Die Wirtschaftstreibenden stellen klar: „St. Johann braucht einen Ort, an dem sich Unternehmen entwickeln können!“
Das geplante Gewerbegebiet Unterbürg sorgt seit Monaten für zum Teil hitzige Diskussionen. Nun melden sich jene zu Wort, die unmittelbar von den Auswirkungen einer Realisierung oder Nicht-Realisierung betroffen sind: die St.Johanner Unternehmerinnen und Unternehmer.
Patrick Unterberger, Sport Patrick
„Der WIFO-Vorstand hat sich ganz klar für Unterbürg ausgesprochen“, so der Obmann des Wirtschaftsforums St. Johann. Aus handfesten wirtschaftlichen und nicht aus politischen Gründen, wie Unterberger betont.

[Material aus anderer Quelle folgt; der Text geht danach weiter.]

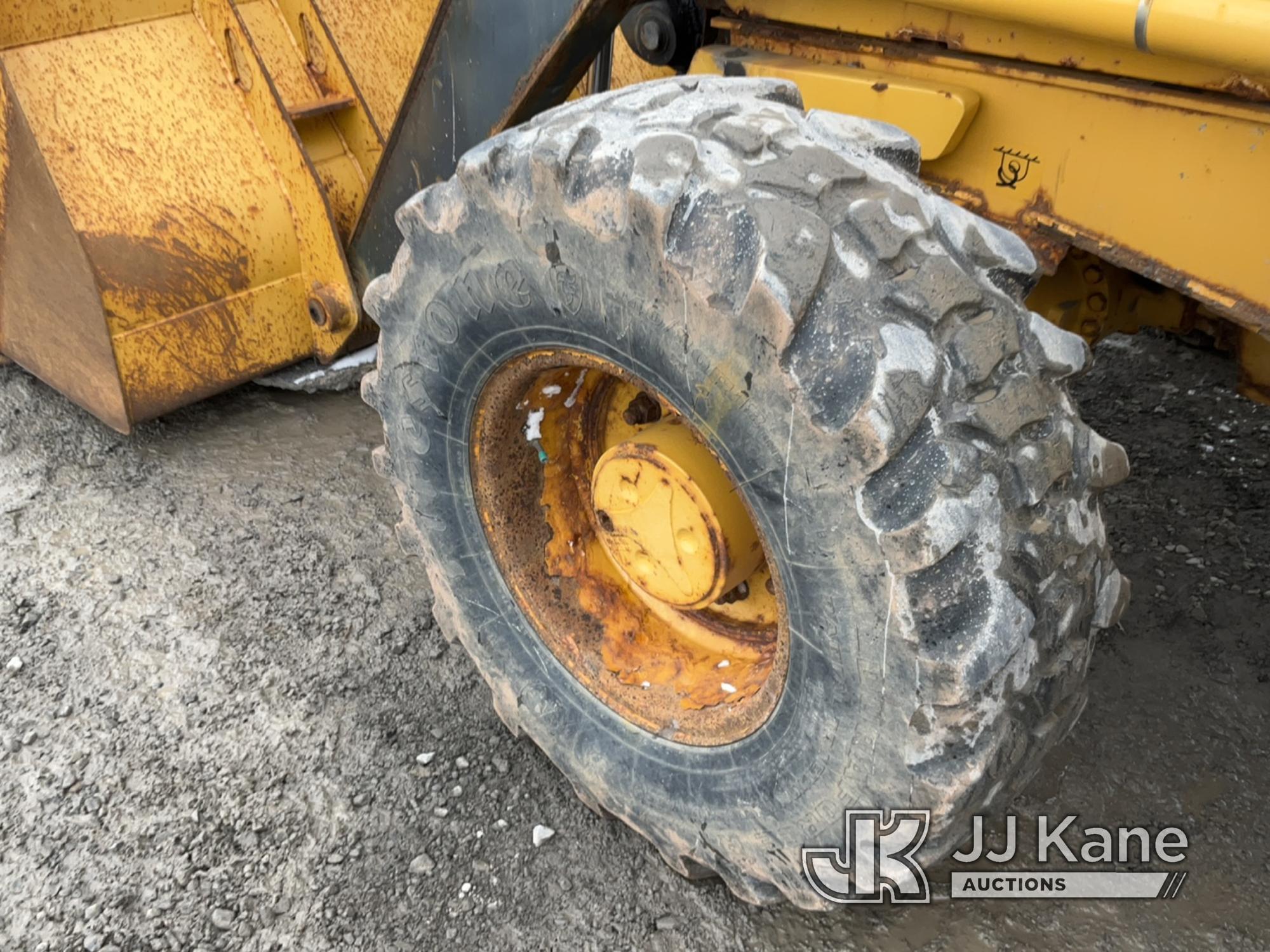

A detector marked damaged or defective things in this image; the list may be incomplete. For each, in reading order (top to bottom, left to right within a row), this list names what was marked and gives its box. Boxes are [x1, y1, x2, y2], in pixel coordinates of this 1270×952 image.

rusted metal panel [348, 0, 635, 293]
rusty wheel rim [472, 348, 787, 751] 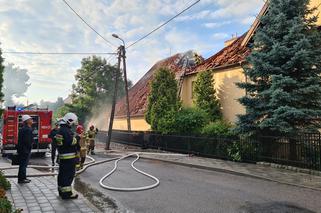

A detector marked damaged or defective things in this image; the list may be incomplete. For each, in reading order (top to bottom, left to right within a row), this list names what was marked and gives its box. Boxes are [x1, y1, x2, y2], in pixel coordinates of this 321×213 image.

damaged roof [185, 32, 250, 76]
burnt roof [185, 32, 250, 76]
damaged roof [115, 51, 200, 118] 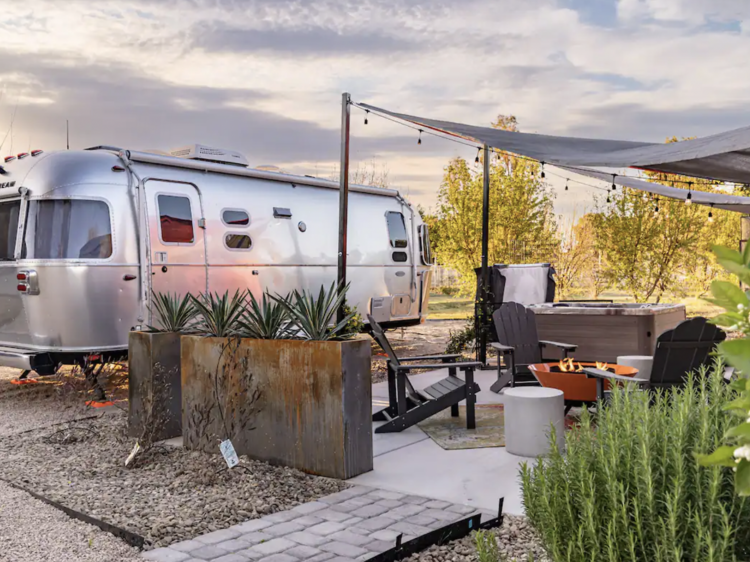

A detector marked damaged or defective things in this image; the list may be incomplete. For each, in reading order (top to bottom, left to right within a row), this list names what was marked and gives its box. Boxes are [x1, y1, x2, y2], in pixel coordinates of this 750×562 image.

rusted metal planter box [127, 330, 183, 440]
rusted metal planter box [180, 334, 374, 480] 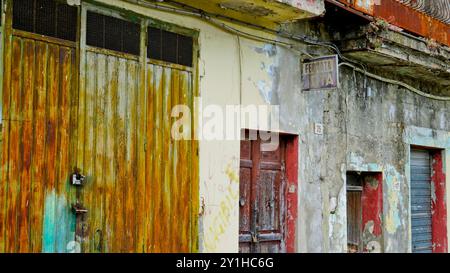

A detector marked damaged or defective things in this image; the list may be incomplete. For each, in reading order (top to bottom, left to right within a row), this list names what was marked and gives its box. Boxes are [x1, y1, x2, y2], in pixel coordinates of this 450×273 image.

rusty metal panel [0, 33, 77, 252]
rusty corrugated metal door [0, 3, 78, 252]
rusty corrugated metal door [74, 5, 198, 253] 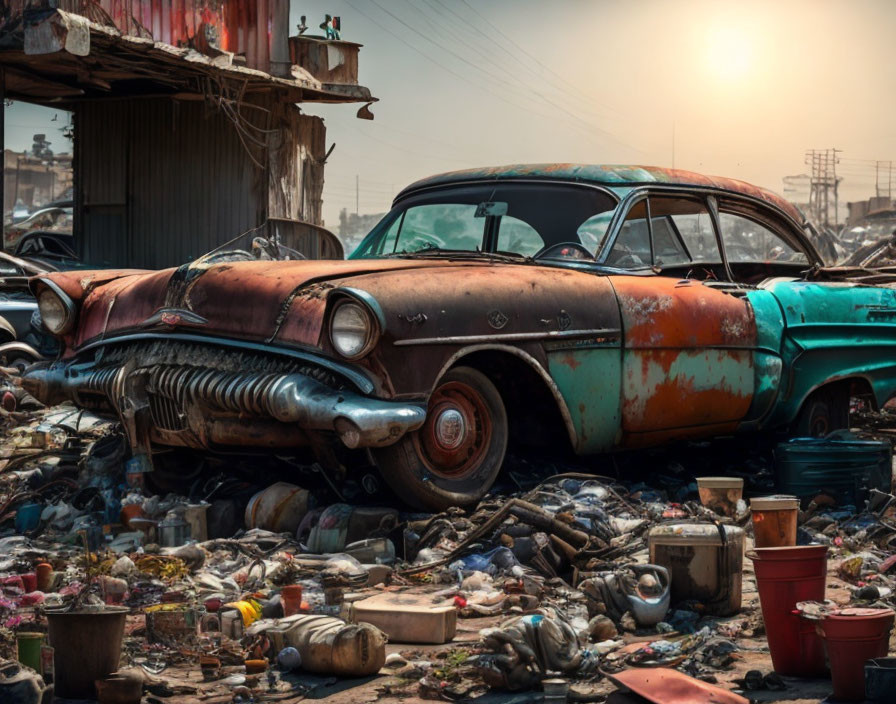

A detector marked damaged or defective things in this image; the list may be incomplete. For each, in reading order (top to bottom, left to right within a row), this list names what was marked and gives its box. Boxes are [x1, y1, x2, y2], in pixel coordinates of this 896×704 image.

rusted hood [57, 258, 496, 350]
second wrecked car [19, 164, 896, 506]
rusty vintage car [21, 164, 896, 506]
teal and rust car [21, 165, 896, 506]
rusted metal roof [400, 163, 804, 224] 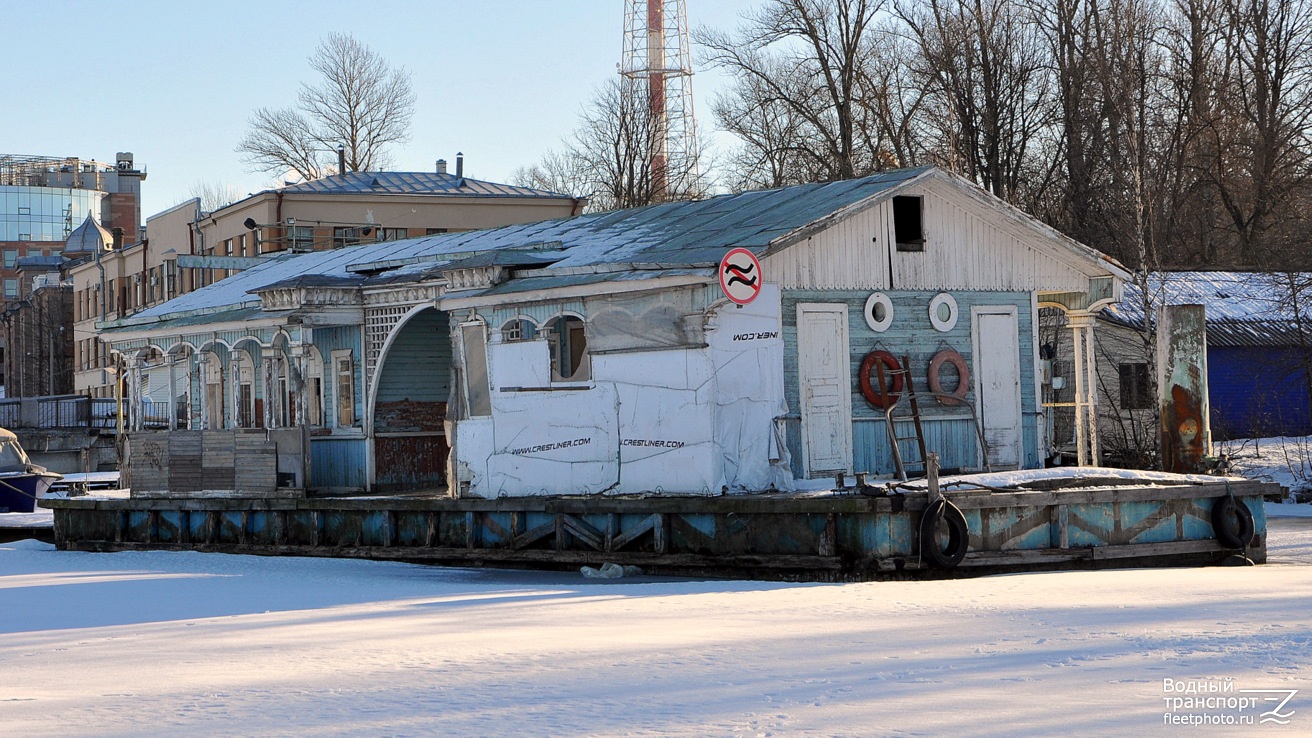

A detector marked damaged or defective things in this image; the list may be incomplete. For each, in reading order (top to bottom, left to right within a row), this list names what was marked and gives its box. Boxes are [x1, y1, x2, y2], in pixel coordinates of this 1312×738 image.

Das Argument, 7,32 Hektar landwirtschaftlicher Vorsorgefläche zu erhalten, lässt der Sportartikel-Händler nicht gelten. Man wisse schließlich, dass St. Johann hier bestens aufgestellt ist und die Fläche nur acht Promille der gesamten Vorsorgeflächen der Marktgemeinde einnimmt.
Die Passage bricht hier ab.